I spent a lot of my childhood moving around, living with my grandmother, living in dorms, living in college-age apartment complexes (i.e. disgusting, dirty, ill-maintained party centrals). When I think of my future, I dream of my husband and our kids, biological, adopted, and foster. I'd like to leave a legacy of love on this planet, and I want to do that through taking care of my children, and the neighborhood children who need a meal (it happened where we lived growing up), and my kids' friends...and just everyone I can. Wanting to continue in full-time ministry to high school students. I want to live in a home big enough to welcome them in, and have meals and game nights and movie nights and cookouts. All kinds of dreams.  But as I dream these things, a physical idea forms as well.

I was talking to a friend of mine the other day, and we just started listing off things we'd like included in our future homes.  I thought I'd write mine down. In case God sees fit to bless me with them, I can remember to thank Him for answered prayer!

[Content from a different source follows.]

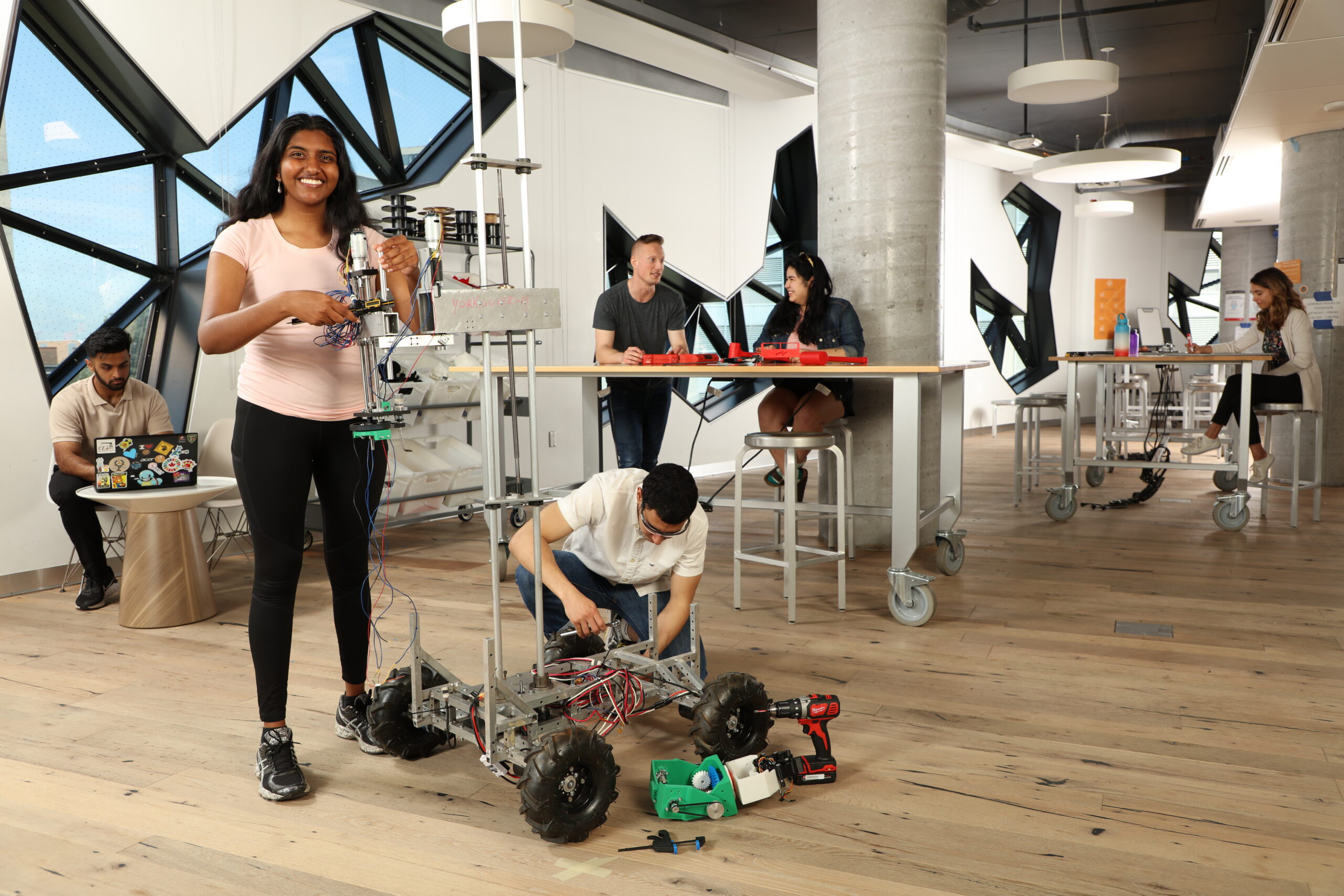 students from Lassonde Robotics team tinkering with the Mars Rover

(Bear in mind these are not needs, simply wants, and that my calling from the Lord supersedes any and all desires I might have for a house. For instance, if the Lord calls me to overseas missions? Bye, house! See ya later!  Ministry comes first).



The Perfect House:
*Two story
*Brick
*Back deck, wrapping around much of the back of the house, preferably overlooking lots of greenery.
*Grill for the back deck
*Table and chairs for the back deck
*Adirondack furniture for the back deck
*Hammock for the back deck (double- or triple-wide, so Hubby can sit with me)
*Front porch with lots of seating, some tables, and tons of candles
*Outdoor ceiling fans over the front porch
*Japanese tea lanterns hanging from ceiling over porch
*Trees all over the stinking place
*Hardwood flooring everywhere, except the bedrooms, where there should be plush carpeting
*A tall, large island in the kitchen where my kids can do their homework while I cook them dinner
*A large dining table where everyone can sit together
*Vaulted ceilings in the living room, with an overlook into the living room from the second floor
*Huge windows everywhere, and at least one window bench (a cushy one) where you can sit to read
*Color on all the walls (really, anything but white....or tan...or any form of either)
*Bunk beds in one room for my kids to share <3
*A fireplace
*A fenced in back-yard (black wood, not chain-link), for dogs and kids to play safely in.
*No fence in the front yard- be welcomed!
*A garage
*If I'm reeeallly dreaming: a studio room to do yoga, dance, and martial arts in- safe, smooth wooden floors (heated), floor-to-ceiling mirrors, and lots of open space


                                                 (hey, a girl can dream, right?)




More to come later, if only to daydream!